━━ SUPPLIED ENTRIES

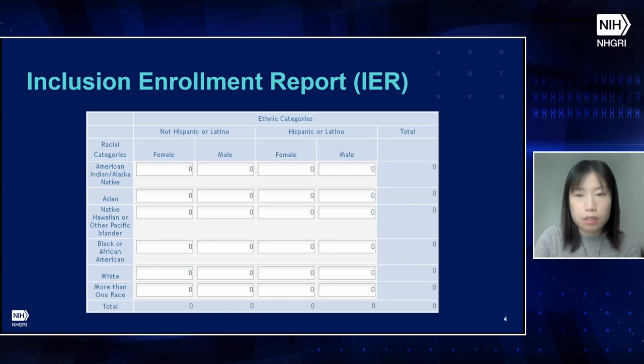Inclusion coding and information is initially collected on the grant application using the human subjects and clinical trials information form. This form requires an inclusion enrollment report, or IER, for each study. The IER table contains the planned distribution of subjects by sex, gender, race, and ethnicity. Applicants also describe the rationale for selection of group members in terms of scientific objectives and proposed outreach for recruitment. Over the course of the grant, as progress reports are submitted, the grantee submits IERs containing cumulative enrollment data based on actual participants recruited. A single grant can have multiple studies, and each study can have multiple IERs.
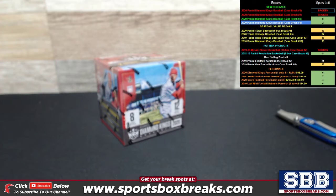What's happening, folks? Kevin here from SportsBoxBreaks.com, coming at you live Wednesday, June 10th, 2020. I am breaking another personal box of the brand new, just released today, 2020 Panini Diamond Kings Baseball.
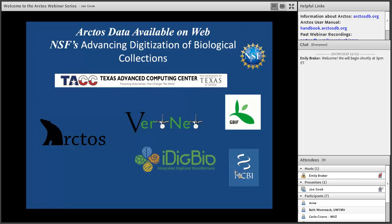Arctos is just one of many databases. It's served out of the Texas Advanced Computing Center and sends data to a variety of data aggregators: VertNet, iDigBio, and GBIF are examples. We're also tied to other databases that handle information derived from specimens, like GenBank.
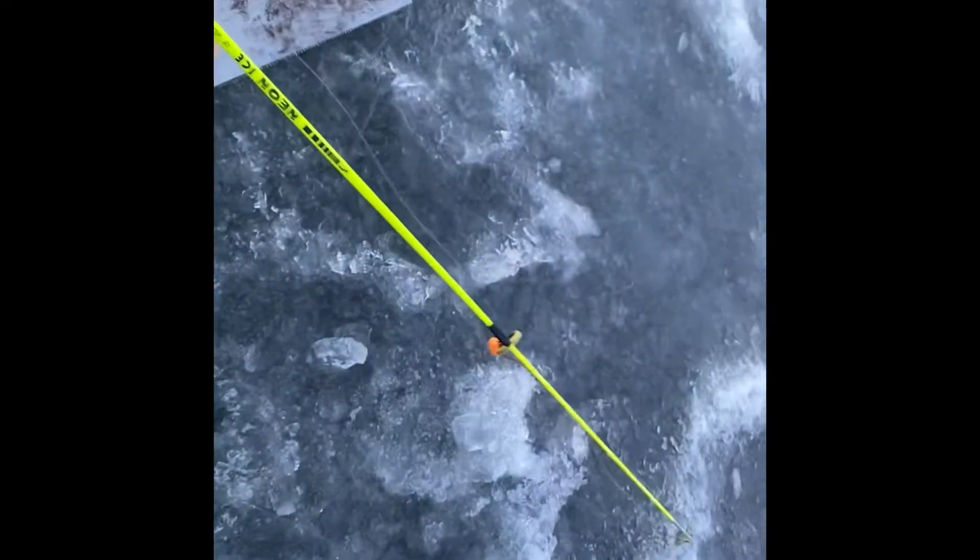Alright, I got a small hole in the ice right here. As you can see, it's pretty good. Got my pole here. I'll drop it in for a little while, and if that doesn't work, I'll move to a few of these other spots.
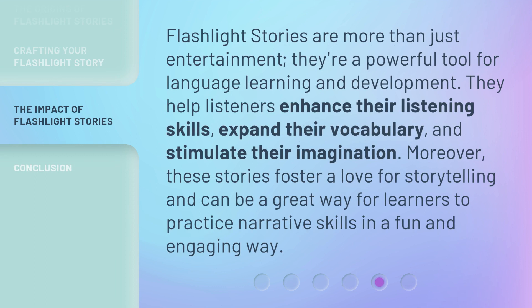Flashlight stories are more than just entertainment — they're a powerful tool for language learning and development. They help listeners enhance their listening skills, expand their vocabulary, and stimulate their imagination. Moreover, these stories foster a love for storytelling and can be a great way for learners to practice narrative skills in a fun and engaging way.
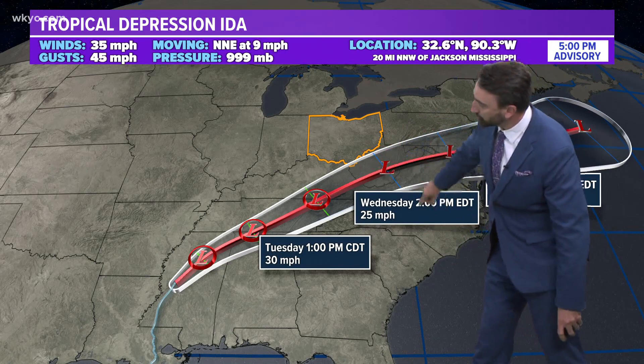You can see the center of circulation now just north of Jackson, Mississippi. Everything is kind of east and northeasterly loaded on this storm. The latest track takes it a little bit further south of what the National Hurricane Center was thinking about 24 hours ago, when it had it coming up through Ohio — but it's further south.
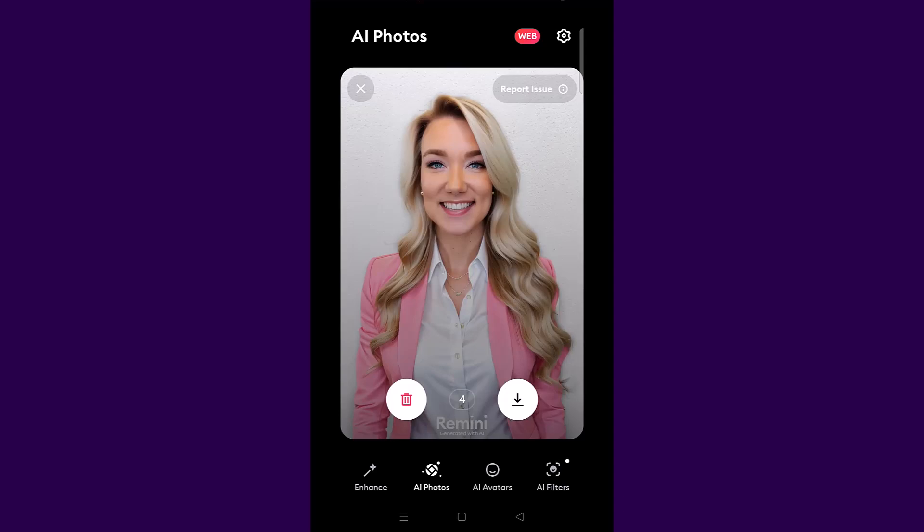My first AI photo came up. This photo has my eyes and my nose but it doesn't really look like me — I can tell it's a fake photo. You can choose to download the photo by clicking the download icon, or you can delete it. Make sure you save any photos you want to keep because they will not be saved within the app. I clicked delete on this one and moved to the next.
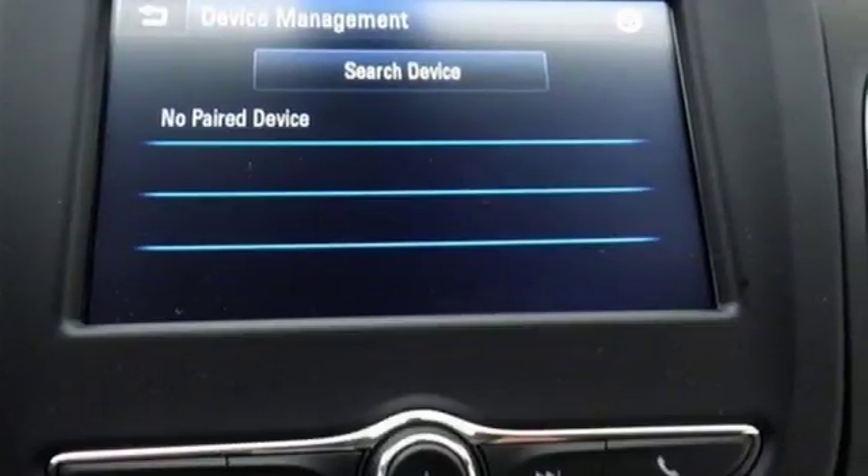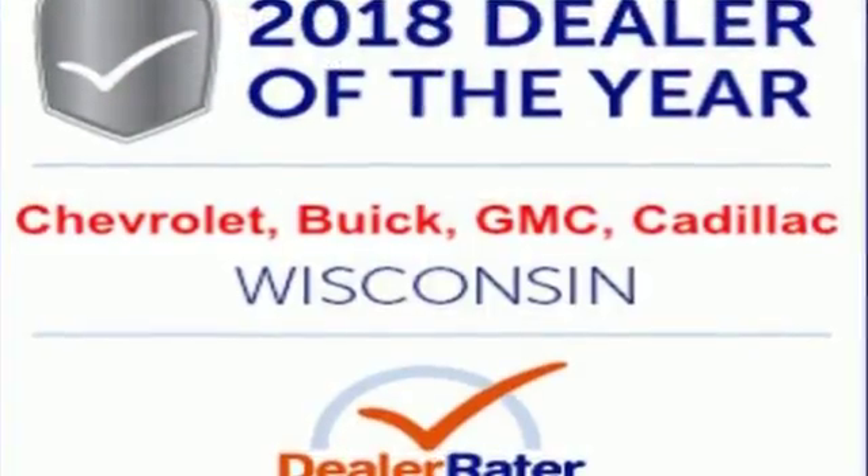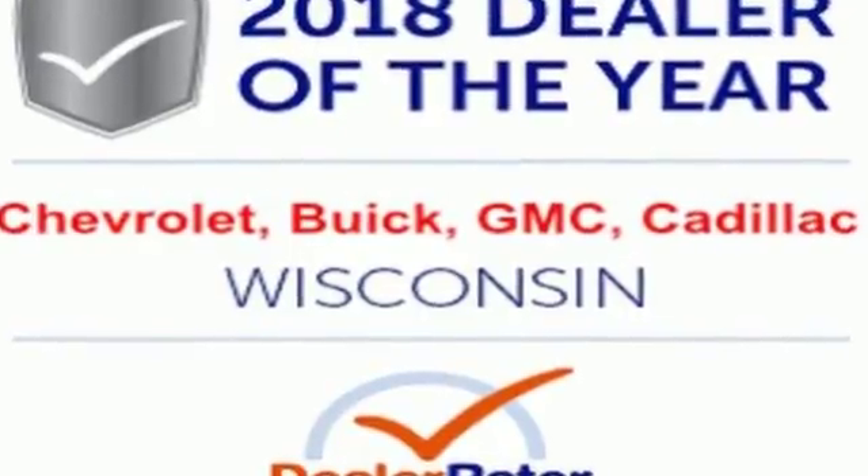They say a journey of a thousand miles begins with one step. Well, in this case, it begins with a test drive. Start your next adventure today.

━━━━

__ABOUT THIS TASK__
Transcribe the records verbatim and omit the images.

__SOLUTION FOR THIS TASK__
Inclusion coding and information is initially collected on the grant application using the human subjects and clinical trials information form. This form requires an inclusion enrollment report, or IER, for each study. The IER table contains the planned distribution of subjects by sex, gender, race, and ethnicity. Applicants also describe the rationale for selection of group members in terms of scientific objectives and proposed outreach for recruitment. Over the course of the grant, as progress reports are submitted, the grantee submits IERs containing cumulative enrollment data based on actual participants recruited. A single grant can have multiple studies, and each study can have multiple IERs.
What's happening, folks? Kevin here from SportsBoxBreaks.com, coming at you live Wednesday, June 10th, 2020. I am breaking another personal box of the brand new, just released today, 2020 Panini Diamond Kings Baseball.
Arctos is just one of many databases. It's served out of the Texas Advanced Computing Center and sends data to a variety of data aggregators: VertNet, iDigBio, and GBIF are examples. We're also tied to other databases that handle information derived from specimens, like GenBank.
Alright, I got a small hole in the ice right here. As you can see, it's pretty good. Got my pole here. I'll drop it in for a little while, and if that doesn't work, I'll move to a few of these other spots.
Flashlight stories are more than just entertainment — they're a powerful tool for language learning and development. They help listeners enhance their listening skills, expand their vocabulary, and stimulate their imagination. Moreover, these stories foster a love for storytelling and can be a great way for learners to practice narrative skills in a fun and engaging way.
You can see the center of circulation now just north of Jackson, Mississippi. Everything is kind of east and northeasterly loaded on this storm. The latest track takes it a little bit further south of what the National Hurricane Center was thinking about 24 hours ago, when it had it coming up through Ohio — but it's further south.
My first AI photo came up. This photo has my eyes and my nose but it doesn't really look like me — I can tell it's a fake photo. You can choose to download the photo by clicking the download icon, or you can delete it. Make sure you save any photos you want to keep because they will not be saved within the app. I clicked delete on this one and moved to the next.
They say a journey of a thousand miles begins with one step. Well, in this case, it begins with a test drive. Start your next adventure today.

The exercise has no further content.